Image-text web data

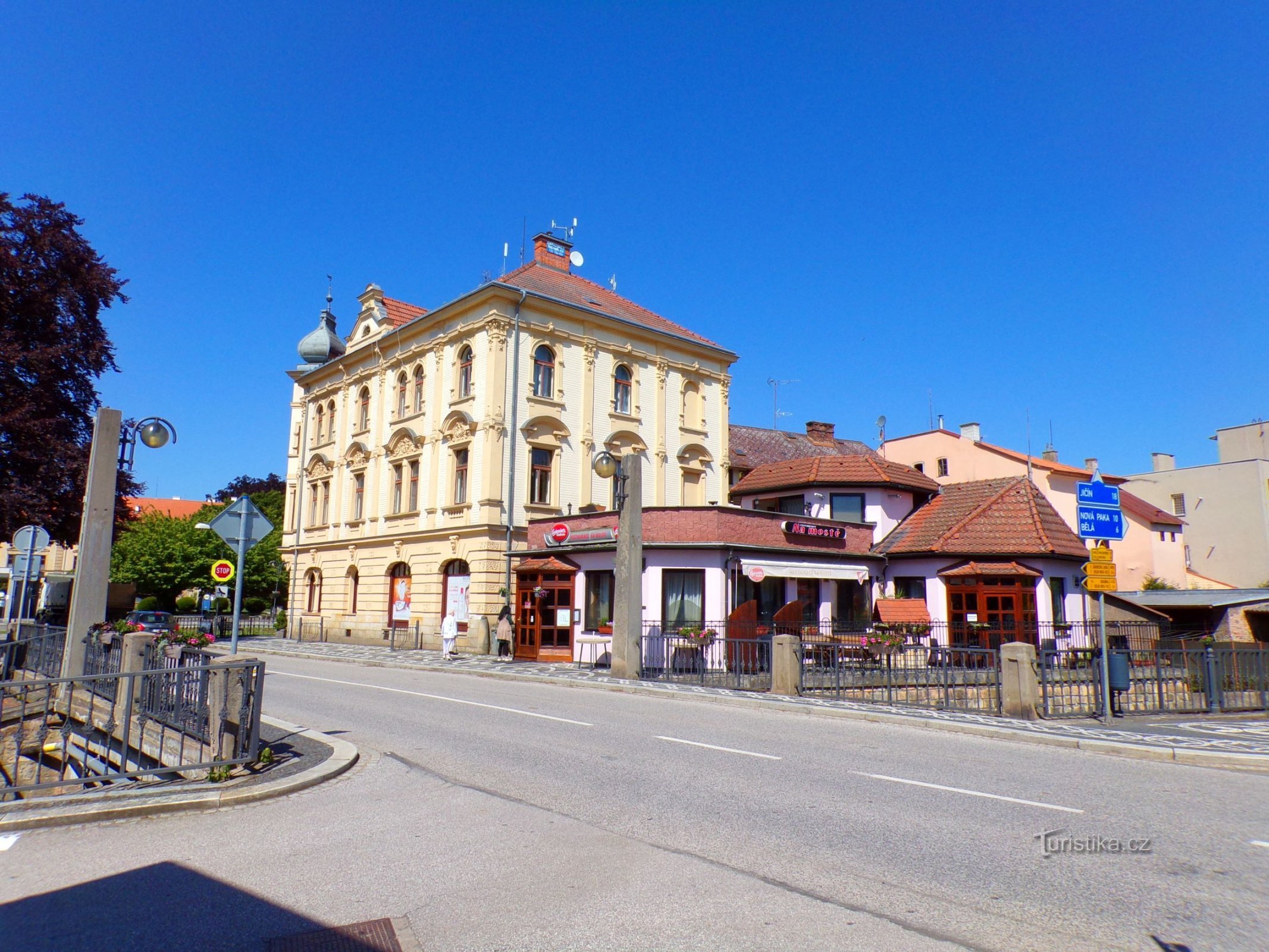 Náměstí K. V. Raise čp. 163 (Lázně Bělohrad, 31.5.2022)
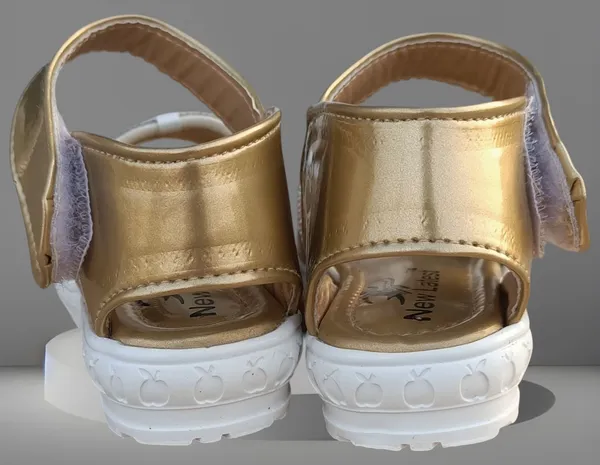 Gold_Synthetic_Strap_Sandals_for_Girls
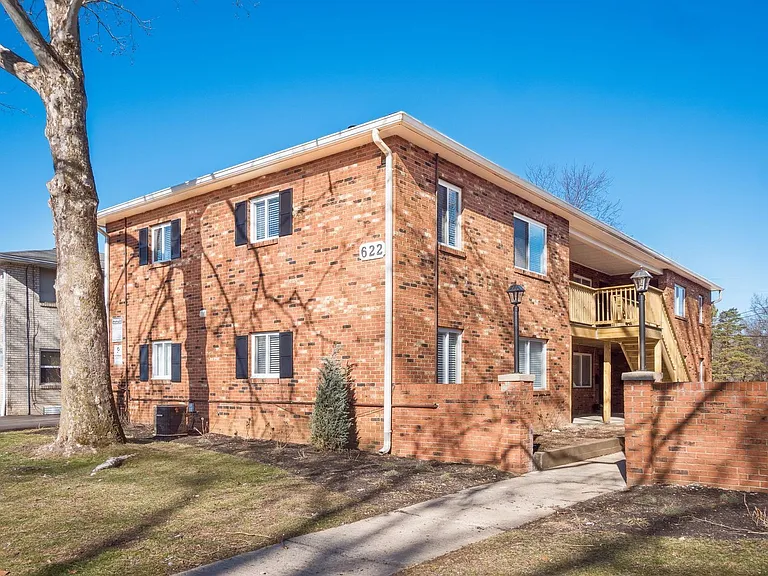 620 Riverview Dr #2 — Photo 18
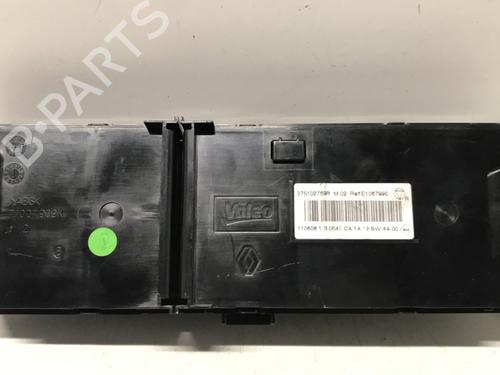 Used Climate control Climate control RENAULT SCÉNIC III (JZ0/1_) 1.5 dCi (110 hp) 33603899 33603899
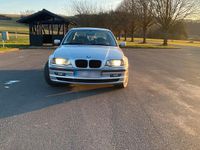 Gebraucht BMW 325 192 PS (141 kW) 2001 Silber Limousine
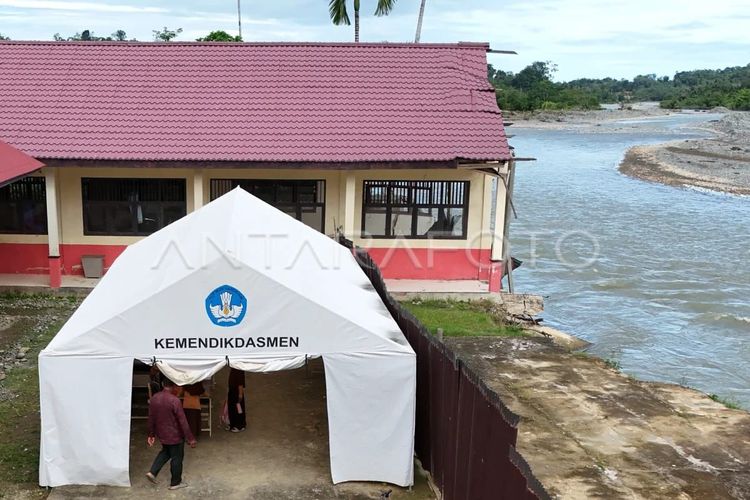 50 Murid SD di Aceh Barat Masih Belajar di Tenda Darurat Usai Sekolah Rusak Diterjang Banjir
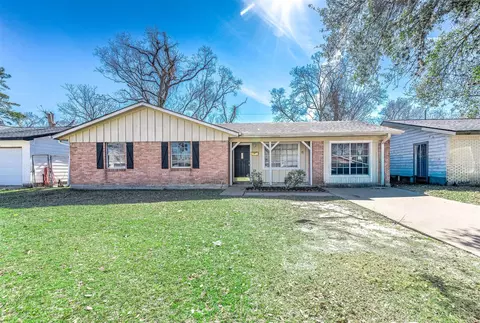 6110 Guadalupe St, Houston, TX 77016
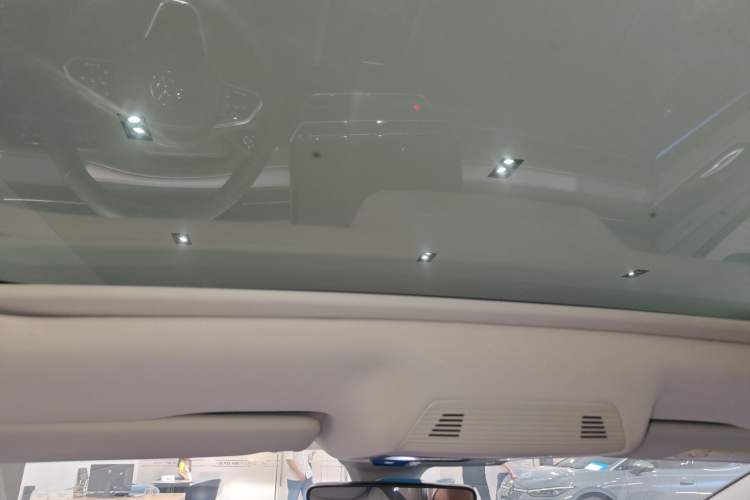 Used Volkswagen ID.7 VIZZION 2024 AIR model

◆ **Task item**
Give again, word for word, the lines above from the one with "620 Riverview Dr #2 — Photo 18" through the final line of the data, both ends included. Do not copy any picture.

◆ **Solved exercise**
 620 Riverview Dr #2 — Photo 18
 Used Climate control Climate control RENAULT SCÉNIC III (JZ0/1_) 1.5 dCi (110 hp) 33603899 33603899
 Gebraucht BMW 325 192 PS (141 kW) 2001 Silber Limousine
 50 Murid SD di Aceh Barat Masih Belajar di Tenda Darurat Usai Sekolah Rusak Diterjang Banjir
 6110 Guadalupe St, Houston, TX 77016
 Used Volkswagen ID.7 VIZZION 2024 AIR model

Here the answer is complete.